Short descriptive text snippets

▼

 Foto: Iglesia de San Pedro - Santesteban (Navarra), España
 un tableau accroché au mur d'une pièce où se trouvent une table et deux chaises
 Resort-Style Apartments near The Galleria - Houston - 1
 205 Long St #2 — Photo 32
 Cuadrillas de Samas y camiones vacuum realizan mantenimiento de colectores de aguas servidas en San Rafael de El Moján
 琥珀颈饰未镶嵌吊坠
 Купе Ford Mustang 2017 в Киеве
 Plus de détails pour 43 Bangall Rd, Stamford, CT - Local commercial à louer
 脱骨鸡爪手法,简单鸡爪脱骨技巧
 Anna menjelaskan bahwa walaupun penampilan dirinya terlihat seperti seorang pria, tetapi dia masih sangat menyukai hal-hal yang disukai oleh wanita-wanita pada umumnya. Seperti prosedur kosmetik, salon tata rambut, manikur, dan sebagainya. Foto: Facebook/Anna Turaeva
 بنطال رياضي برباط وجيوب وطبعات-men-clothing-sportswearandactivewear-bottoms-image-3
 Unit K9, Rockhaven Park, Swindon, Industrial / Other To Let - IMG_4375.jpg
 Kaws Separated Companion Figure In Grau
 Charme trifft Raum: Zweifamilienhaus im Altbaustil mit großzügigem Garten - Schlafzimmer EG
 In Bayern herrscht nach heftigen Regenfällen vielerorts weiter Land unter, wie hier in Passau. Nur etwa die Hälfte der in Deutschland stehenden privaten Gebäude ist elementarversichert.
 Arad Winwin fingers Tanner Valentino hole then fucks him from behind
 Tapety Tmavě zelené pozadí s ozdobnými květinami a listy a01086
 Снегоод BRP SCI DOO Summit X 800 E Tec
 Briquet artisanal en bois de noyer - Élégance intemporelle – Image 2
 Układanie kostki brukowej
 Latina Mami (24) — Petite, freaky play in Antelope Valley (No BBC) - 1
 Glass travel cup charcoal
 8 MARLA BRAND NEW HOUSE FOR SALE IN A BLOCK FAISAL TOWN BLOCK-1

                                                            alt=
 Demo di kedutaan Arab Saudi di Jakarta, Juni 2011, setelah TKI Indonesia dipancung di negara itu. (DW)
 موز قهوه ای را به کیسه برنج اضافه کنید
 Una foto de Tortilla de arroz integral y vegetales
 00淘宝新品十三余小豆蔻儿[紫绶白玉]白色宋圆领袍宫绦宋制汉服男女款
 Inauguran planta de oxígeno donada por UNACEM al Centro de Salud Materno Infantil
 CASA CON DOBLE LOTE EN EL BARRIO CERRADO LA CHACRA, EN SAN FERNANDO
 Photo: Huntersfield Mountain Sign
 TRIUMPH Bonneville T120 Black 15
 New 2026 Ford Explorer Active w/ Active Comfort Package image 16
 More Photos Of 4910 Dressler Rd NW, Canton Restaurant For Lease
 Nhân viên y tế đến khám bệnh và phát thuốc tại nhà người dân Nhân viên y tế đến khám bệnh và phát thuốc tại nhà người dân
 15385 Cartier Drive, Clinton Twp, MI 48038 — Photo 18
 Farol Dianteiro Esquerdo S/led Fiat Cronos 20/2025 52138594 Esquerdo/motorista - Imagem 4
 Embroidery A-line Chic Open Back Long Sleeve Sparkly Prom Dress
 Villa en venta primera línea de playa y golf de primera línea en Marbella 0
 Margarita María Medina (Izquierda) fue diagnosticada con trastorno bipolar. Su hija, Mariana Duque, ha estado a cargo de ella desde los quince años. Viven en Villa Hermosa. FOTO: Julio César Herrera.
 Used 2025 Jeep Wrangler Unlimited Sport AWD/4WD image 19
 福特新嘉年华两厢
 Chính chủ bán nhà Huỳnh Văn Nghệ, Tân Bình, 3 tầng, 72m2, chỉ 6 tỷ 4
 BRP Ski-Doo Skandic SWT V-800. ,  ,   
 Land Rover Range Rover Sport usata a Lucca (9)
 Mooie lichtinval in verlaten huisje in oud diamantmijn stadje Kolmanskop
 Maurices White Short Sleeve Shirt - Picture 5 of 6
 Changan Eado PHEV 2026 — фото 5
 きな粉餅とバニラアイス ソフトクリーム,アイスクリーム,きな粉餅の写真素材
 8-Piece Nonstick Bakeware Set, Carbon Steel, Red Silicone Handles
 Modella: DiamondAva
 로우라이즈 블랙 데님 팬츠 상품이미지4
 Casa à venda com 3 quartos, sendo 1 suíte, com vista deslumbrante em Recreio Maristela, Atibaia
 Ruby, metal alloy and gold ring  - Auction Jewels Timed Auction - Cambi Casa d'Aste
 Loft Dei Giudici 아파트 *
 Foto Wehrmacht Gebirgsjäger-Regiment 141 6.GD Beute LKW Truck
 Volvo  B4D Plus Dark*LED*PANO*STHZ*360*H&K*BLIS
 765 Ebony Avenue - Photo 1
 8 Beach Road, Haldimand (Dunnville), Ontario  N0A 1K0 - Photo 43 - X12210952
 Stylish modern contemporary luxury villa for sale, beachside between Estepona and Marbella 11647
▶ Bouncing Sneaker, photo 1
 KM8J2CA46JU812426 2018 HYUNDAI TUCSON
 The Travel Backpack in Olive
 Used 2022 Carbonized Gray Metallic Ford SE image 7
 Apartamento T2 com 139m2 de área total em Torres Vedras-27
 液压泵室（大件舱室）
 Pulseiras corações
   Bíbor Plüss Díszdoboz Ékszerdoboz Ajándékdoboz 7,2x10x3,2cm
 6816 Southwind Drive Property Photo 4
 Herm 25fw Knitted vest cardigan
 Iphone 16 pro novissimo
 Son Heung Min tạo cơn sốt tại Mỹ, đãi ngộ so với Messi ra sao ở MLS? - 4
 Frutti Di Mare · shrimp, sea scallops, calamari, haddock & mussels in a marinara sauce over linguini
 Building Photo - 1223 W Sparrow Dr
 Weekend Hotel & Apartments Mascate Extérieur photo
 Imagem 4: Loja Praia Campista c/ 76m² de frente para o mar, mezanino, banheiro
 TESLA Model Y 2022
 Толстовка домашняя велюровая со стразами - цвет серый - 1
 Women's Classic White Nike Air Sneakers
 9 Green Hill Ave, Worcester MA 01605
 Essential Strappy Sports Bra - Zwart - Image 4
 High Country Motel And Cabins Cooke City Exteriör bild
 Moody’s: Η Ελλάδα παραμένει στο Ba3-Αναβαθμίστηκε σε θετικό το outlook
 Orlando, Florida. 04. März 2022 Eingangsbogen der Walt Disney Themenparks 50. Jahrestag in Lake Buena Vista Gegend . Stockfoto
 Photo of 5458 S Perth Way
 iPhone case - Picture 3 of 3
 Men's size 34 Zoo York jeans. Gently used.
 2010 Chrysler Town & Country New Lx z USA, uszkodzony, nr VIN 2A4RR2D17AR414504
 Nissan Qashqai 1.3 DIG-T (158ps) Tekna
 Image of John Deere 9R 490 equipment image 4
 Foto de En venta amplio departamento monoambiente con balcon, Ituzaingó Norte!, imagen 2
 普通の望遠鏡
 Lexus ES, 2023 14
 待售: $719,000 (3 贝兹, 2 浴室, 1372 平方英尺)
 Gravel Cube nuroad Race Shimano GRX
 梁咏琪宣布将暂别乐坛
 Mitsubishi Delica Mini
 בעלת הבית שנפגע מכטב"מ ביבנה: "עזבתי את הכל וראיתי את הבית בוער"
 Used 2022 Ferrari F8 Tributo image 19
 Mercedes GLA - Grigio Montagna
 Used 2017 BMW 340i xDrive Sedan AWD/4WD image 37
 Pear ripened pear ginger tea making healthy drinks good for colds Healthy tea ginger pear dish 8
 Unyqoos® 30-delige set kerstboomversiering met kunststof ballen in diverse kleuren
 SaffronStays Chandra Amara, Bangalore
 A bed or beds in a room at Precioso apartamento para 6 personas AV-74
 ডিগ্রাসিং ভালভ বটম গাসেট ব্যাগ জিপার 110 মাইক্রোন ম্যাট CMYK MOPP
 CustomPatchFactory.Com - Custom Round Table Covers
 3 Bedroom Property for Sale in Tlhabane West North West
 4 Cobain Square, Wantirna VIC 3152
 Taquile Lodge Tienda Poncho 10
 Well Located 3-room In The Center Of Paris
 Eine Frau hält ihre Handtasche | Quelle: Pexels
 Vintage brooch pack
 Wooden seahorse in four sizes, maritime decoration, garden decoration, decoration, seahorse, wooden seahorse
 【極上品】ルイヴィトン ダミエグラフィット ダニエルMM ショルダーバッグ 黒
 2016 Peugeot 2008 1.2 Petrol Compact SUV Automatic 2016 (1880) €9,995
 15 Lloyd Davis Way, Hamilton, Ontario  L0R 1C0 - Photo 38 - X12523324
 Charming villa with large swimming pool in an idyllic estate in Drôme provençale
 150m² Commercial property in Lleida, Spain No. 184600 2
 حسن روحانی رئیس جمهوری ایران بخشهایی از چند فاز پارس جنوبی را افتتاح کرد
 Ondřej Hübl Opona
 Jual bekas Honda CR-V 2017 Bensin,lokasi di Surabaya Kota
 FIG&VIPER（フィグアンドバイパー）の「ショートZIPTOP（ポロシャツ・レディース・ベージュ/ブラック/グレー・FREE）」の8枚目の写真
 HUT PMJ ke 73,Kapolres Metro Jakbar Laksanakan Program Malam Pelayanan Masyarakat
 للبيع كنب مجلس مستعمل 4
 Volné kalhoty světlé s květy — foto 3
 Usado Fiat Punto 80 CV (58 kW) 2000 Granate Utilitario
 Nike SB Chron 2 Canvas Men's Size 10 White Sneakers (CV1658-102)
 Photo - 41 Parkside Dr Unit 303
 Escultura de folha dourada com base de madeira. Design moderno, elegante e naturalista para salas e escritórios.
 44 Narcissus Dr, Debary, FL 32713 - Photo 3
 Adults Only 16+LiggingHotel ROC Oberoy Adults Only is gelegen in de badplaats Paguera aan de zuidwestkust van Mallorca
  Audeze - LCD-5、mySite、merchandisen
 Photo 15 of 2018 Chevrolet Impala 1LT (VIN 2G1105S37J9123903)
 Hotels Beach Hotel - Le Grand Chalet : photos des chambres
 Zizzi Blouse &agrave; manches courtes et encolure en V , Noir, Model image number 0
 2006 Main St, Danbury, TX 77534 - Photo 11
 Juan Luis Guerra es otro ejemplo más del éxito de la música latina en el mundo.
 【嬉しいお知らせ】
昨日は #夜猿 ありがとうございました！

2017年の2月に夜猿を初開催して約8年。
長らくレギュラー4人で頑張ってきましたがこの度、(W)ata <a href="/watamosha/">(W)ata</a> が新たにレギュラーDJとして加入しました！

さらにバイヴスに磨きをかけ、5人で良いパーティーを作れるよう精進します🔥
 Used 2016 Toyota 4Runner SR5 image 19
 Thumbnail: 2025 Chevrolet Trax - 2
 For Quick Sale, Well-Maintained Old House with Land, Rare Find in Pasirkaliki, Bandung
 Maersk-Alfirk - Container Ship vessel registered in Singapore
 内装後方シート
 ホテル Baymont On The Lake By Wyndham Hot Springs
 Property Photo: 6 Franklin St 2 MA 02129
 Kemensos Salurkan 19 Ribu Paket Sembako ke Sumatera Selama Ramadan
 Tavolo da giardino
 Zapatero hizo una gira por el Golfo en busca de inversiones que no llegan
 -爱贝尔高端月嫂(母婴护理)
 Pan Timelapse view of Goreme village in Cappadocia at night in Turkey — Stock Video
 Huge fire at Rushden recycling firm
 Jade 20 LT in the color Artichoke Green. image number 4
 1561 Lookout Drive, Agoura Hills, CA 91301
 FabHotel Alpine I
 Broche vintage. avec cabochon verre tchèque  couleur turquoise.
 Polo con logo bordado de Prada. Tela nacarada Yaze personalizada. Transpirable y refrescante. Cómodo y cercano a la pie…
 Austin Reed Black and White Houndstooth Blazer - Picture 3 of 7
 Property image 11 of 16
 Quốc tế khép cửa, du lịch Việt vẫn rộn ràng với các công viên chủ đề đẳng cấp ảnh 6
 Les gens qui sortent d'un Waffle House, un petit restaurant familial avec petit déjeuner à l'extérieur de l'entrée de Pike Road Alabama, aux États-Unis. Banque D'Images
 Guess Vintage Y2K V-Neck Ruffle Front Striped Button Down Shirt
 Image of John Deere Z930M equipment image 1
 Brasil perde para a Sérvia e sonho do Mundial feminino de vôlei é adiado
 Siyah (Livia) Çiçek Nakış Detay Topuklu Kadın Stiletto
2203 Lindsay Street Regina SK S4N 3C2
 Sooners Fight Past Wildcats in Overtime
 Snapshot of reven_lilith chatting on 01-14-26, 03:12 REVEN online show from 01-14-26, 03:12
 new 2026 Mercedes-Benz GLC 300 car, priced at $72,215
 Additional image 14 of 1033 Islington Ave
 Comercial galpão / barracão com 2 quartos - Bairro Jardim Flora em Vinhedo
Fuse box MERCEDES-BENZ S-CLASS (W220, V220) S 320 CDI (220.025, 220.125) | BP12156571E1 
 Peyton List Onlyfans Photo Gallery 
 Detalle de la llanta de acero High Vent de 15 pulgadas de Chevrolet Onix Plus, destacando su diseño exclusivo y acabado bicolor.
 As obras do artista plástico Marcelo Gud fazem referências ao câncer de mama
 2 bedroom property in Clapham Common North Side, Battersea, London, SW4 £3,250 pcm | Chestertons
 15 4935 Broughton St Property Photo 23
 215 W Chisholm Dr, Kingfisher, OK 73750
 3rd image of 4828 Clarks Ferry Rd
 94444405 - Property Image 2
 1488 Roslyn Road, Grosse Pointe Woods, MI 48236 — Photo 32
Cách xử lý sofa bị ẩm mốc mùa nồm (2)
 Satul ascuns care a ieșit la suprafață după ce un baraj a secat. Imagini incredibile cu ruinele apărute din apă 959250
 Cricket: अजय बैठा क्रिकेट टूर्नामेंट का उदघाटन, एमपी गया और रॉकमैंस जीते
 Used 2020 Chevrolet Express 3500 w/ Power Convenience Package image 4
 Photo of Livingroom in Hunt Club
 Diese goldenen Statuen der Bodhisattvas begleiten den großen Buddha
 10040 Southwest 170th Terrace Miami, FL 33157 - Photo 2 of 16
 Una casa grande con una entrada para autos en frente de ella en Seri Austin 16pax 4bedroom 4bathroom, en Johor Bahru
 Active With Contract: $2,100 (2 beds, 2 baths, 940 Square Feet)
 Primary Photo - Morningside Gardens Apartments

▲

**What is needed:**
Output the lines above between the one holding "Juan Luis Guerra" and the one holding "Sooners Fight Past Wildcats in Overtime", inclusive, with nothing before or after them.

**Answer for the task:**
 Juan Luis Guerra es otro ejemplo más del éxito de la música latina en el mundo.
 【嬉しいお知らせ】
昨日は #夜猿 ありがとうございました！

2017年の2月に夜猿を初開催して約8年。
長らくレギュラー4人で頑張ってきましたがこの度、(W)ata <a href="/watamosha/">(W)ata</a> が新たにレギュラーDJとして加入しました！

さらにバイヴスに磨きをかけ、5人で良いパーティーを作れるよう精進します🔥
 Used 2016 Toyota 4Runner SR5 image 19
 Thumbnail: 2025 Chevrolet Trax - 2
 For Quick Sale, Well-Maintained Old House with Land, Rare Find in Pasirkaliki, Bandung
 Maersk-Alfirk - Container Ship vessel registered in Singapore
 内装後方シート
 ホテル Baymont On The Lake By Wyndham Hot Springs
 Property Photo: 6 Franklin St 2 MA 02129
 Kemensos Salurkan 19 Ribu Paket Sembako ke Sumatera Selama Ramadan
 Tavolo da giardino
 Zapatero hizo una gira por el Golfo en busca de inversiones que no llegan
 -爱贝尔高端月嫂(母婴护理)
 Pan Timelapse view of Goreme village in Cappadocia at night in Turkey — Stock Video
 Huge fire at Rushden recycling firm
 Jade 20 LT in the color Artichoke Green. image number 4
 1561 Lookout Drive, Agoura Hills, CA 91301
 FabHotel Alpine I
 Broche vintage. avec cabochon verre tchèque  couleur turquoise.
 Polo con logo bordado de Prada. Tela nacarada Yaze personalizada. Transpirable y refrescante. Cómodo y cercano a la pie…
 Austin Reed Black and White Houndstooth Blazer - Picture 3 of 7
 Property image 11 of 16
 Quốc tế khép cửa, du lịch Việt vẫn rộn ràng với các công viên chủ đề đẳng cấp ảnh 6
 Les gens qui sortent d'un Waffle House, un petit restaurant familial avec petit déjeuner à l'extérieur de l'entrée de Pike Road Alabama, aux États-Unis. Banque D'Images
 Guess Vintage Y2K V-Neck Ruffle Front Striped Button Down Shirt
 Image of John Deere Z930M equipment image 1
 Brasil perde para a Sérvia e sonho do Mundial feminino de vôlei é adiado
 Siyah (Livia) Çiçek Nakış Detay Topuklu Kadın Stiletto
2203 Lindsay Street Regina SK S4N 3C2
 Sooners Fight Past Wildcats in Overtime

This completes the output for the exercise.